OK, I got it. Both are actually the same because all buffering in live pipelines is leaky, even if the element just blocks. And every element can only have a positive impact or 0 on the max latency. So what Olivier says makes most sense as it is simpler. I'll fix everything accordingly tomorrow, especially the base classes. Will put it in a branch for review :) Sorry for being a bit short, on my phone right now. Had the insight while driving ;)

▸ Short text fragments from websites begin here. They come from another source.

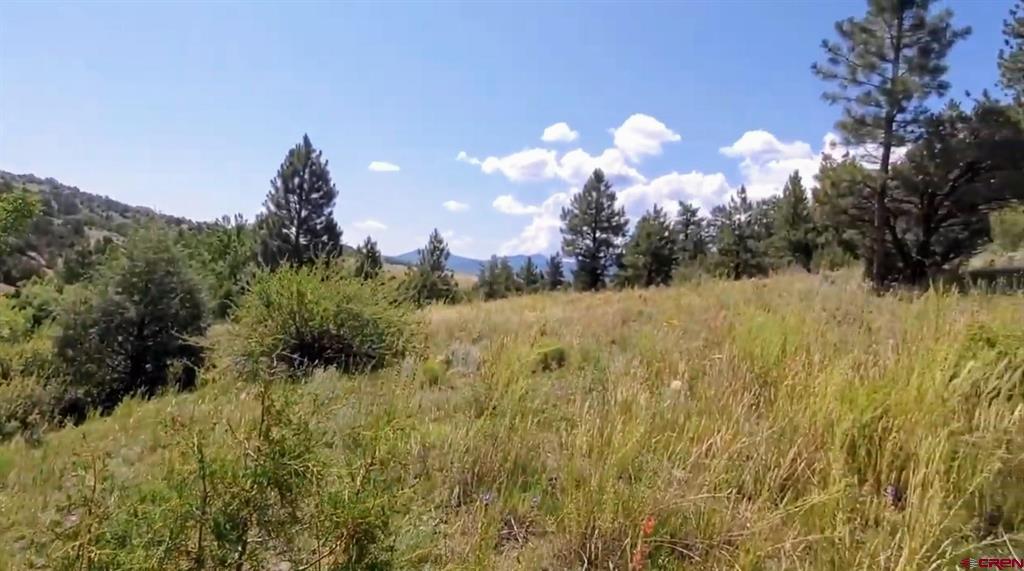 175 Bear Cub Hollow South Fork CO 81154
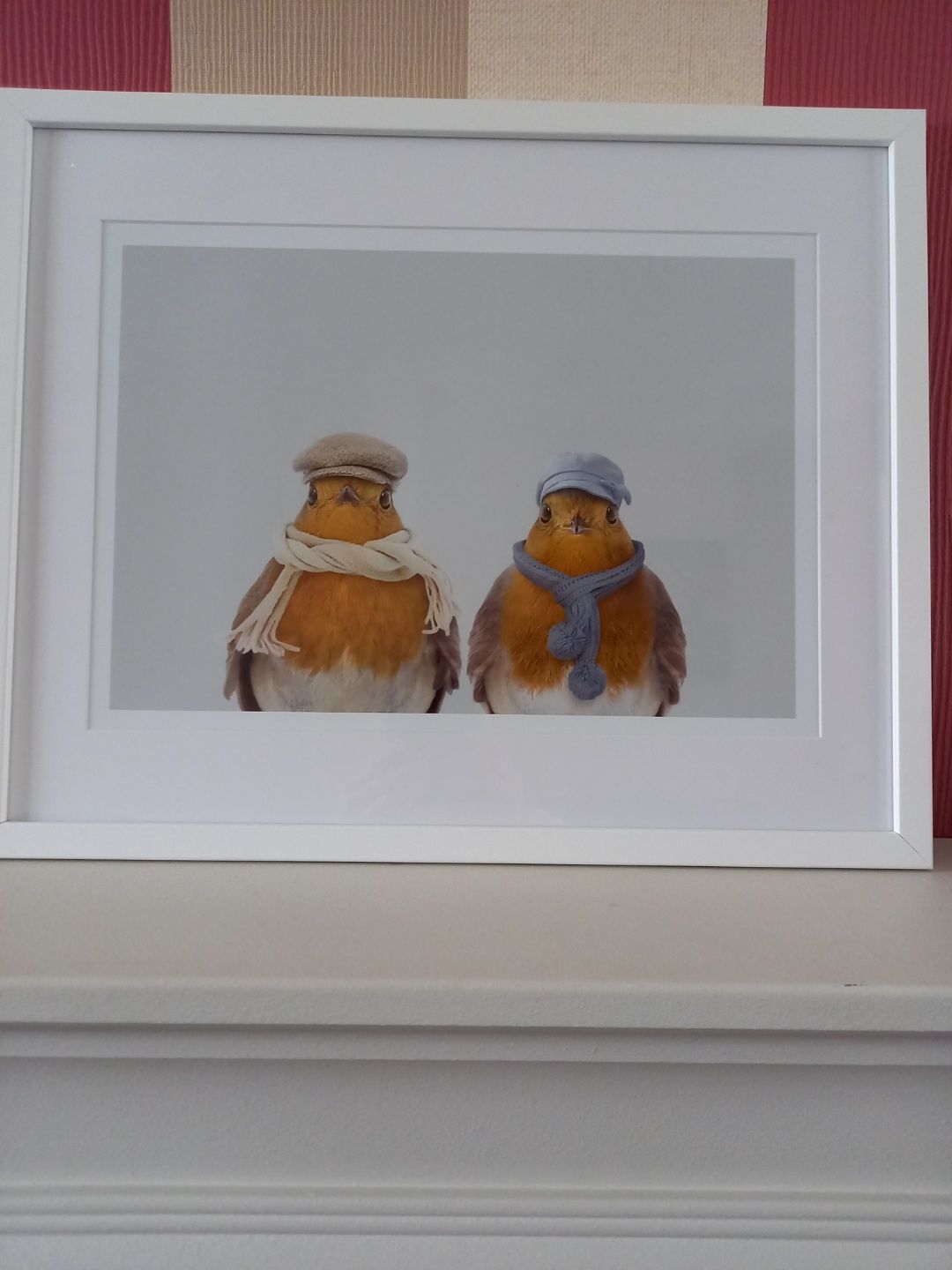 Customer photo review of Mr & Mrs Robin Print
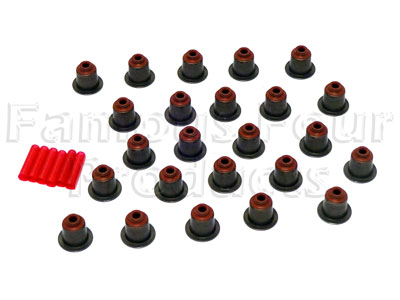 Valve Stem Seal Set
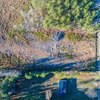 Photo of Mobile Home Lot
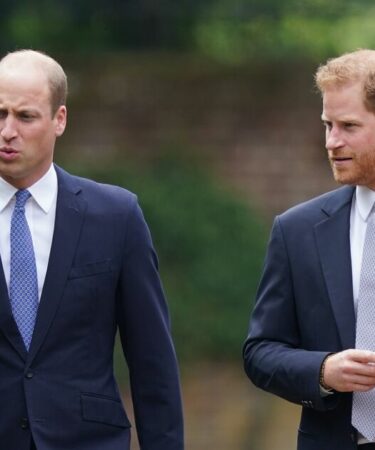 Famille royale EN DIRECT : le prince Harry « ne peut pas appeler » le prince William pour une raison
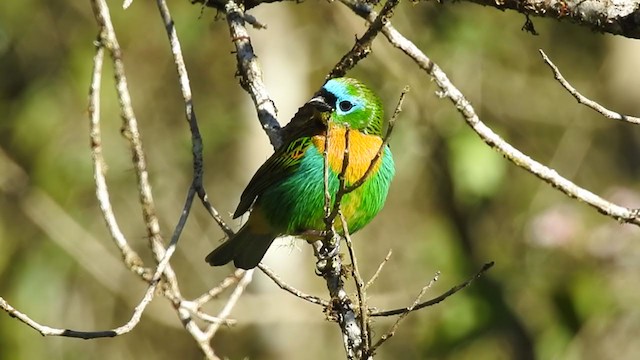 Brassy-breasted Tanager - ML376677781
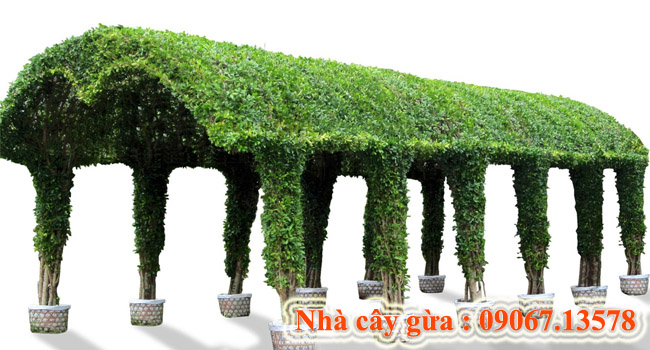 Nhà cây gừa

I think at least the videoencoder/decoder base classes are doing the right thing with the latency query - if upstream reported max latency -1, it is replaced by the encoder or decoder's max latency (if any), otherwise total_max_latency += local_max_latency. And there are appropriate checks in gst_{de|en}coder_set_latency that max >= min. The only real problem I see is that queue uses -1 to mean 'infinite' for max latency, and every other user of the query interprets it as 'no info yet' - since the default value for max latency in the query is -1. That is, there's no way when handling a latency query for an element to differentiate between an upstream queue with max-size-time=0 (which can buffer infinitely and therefore sets max = -1) and an upstream which didn't override the maximum latency value - but why would that ever happen? Any element that handles latency query should update the max latency if it's -1, right? It seems like it is ambiguous to pass a latency query upstream and have max returned as -1 since we can't know whether we can override that value. An alternative is that only source elements are allowed to override a max_latency=-1 in a query - as it hasn't been set yet, and that all downstream elements then need to assume -1 means upstream can do infinite buffering. The sticky point with that is queues which have max-buffer-bytes/buffers, but max-size-time=0 - at the moment that would make queue report infinite max latency (infinite buffering capability), but obviously that isn't true. Queue can't make a sensible estimate of max-latency in that case, and it should probably warn or something in live pipelines if it ever hits the bytes/buffers limit before it hits the time limit. The end result is: * A pipeline can't necessarily estimate max latency - in which case it should pick min-latency and hope for the best in terms of compatibility of latency in different chains * There's an ambiguity between 2 different interpretations of max-latency=-1, queue uses it to mean 'infinite buffering, therefore infinite max-latency' and everywhere else uses it to mean 'noone set this to anything sensible, so you should assume max-latency = min-latency'
I think that doesn't matter. Only the source should override -1, anything else just keeps it as infinity. If any element has infinite max latency, the complete chain has it. Which is currently handled wrong in a few places.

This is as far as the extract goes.